Durante gli anni della sua affermazione a livello continentale, Rhoda padroneggiava perfettamente l’organo Hammond, il famoso B-3, collegato a tre altoparlanti Leslie, esibendosi generalmente con il solo supporto di un batterista e suonando le linee di basso sulla pedaliera dell’organo, soprattutto si toglieva immancabilmente le scarpe, il che le valse il soprannome di «The Barefoot Lady» (la signora a piedi nudi) o, in francese, «L’Organiste aux Pieds Nus». Come accennato, nell’ottobre del 1969, l’organista del New Jarsey sposa il suo Pigmalione, Raoul Saint-Yves, mentre la sua produzione diventa inarrestabile. Il vero capolavoro, primo passo verso la consacrazione, arriva nel 1971 con un doppio album registrato dal vivo, «Live At The Olympia», cui seguiranno altre pietre miliari come «In New York With Thad Jones and Mel Lewis Jazz Orchestra» del 1975 e «With Kenny Clarke» del 1977. In «Live At The Olympia» la gran dama dell’organo Hammond, accompagnata dal sassofonista-flautista Joe Thomas e dal batterista Cees Kranenburg, suona, canta e distilla un jazz generoso ricco di swing, gospel dal sapore churchy, schegge soulful, groove funkiness ed un tocco di blues.

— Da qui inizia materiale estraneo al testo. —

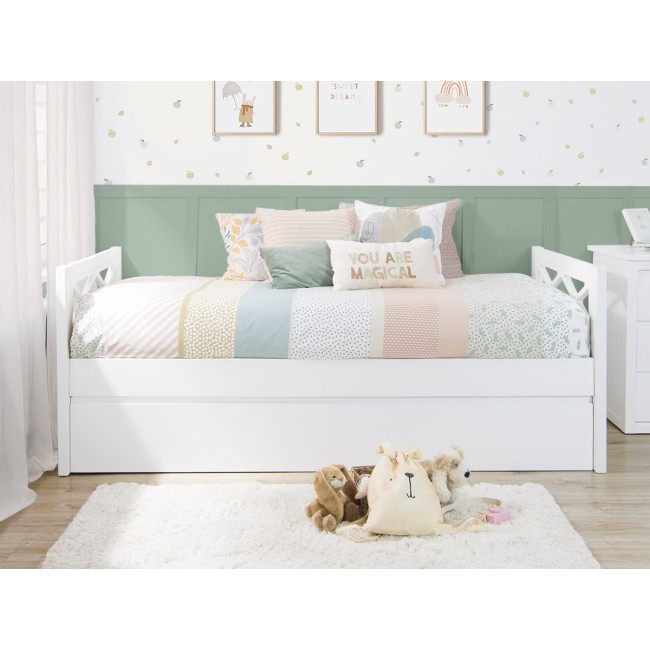 Cama de rodízio para jovens Cruz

L’album ebbe un forte risonanza in Francia ed un discreto riverbero a livello mondiale, mentre la stampa non elemosinò i complimenti: l’Herald Tribune scrisse: «Rhoda Scott is in love with music», sottolineando lo stato di grazia dell’organista, capace di mettere idealmente insieme il blues ed il jazz con Bach e Beethoven; France Soir titolò: «Rhoda Scott, la Pasionaria de l’orgue», evidenziandone umanità, charme, nonché l’abilità di aggiungere al soul, al rock, al jazz ed al blues un venatura di divina beatitudine; Le Figaro la definì «Le Plus beau visage du jazz», parlando di una musica che scaturiva da una femminilità profonda e da una forza interiore quasi religiosa; L’Aurore scrisse: «Più che di un concertò si è trattato di un vero festival della verità (…) I temi sono un pretesto, ma la sua genialità sta nell’improvvisazione». In queste parole non c’è esagerazione alcuna, in fondo quello di Rhoda Scott è un sound tanto gioioso quanto vivace, una musica facile da metabolizzare e dotata di sensori in grado di entrare nell’orbita di riferimento di ogni ascoltatore anche distante dal soul o indifferente al jazz.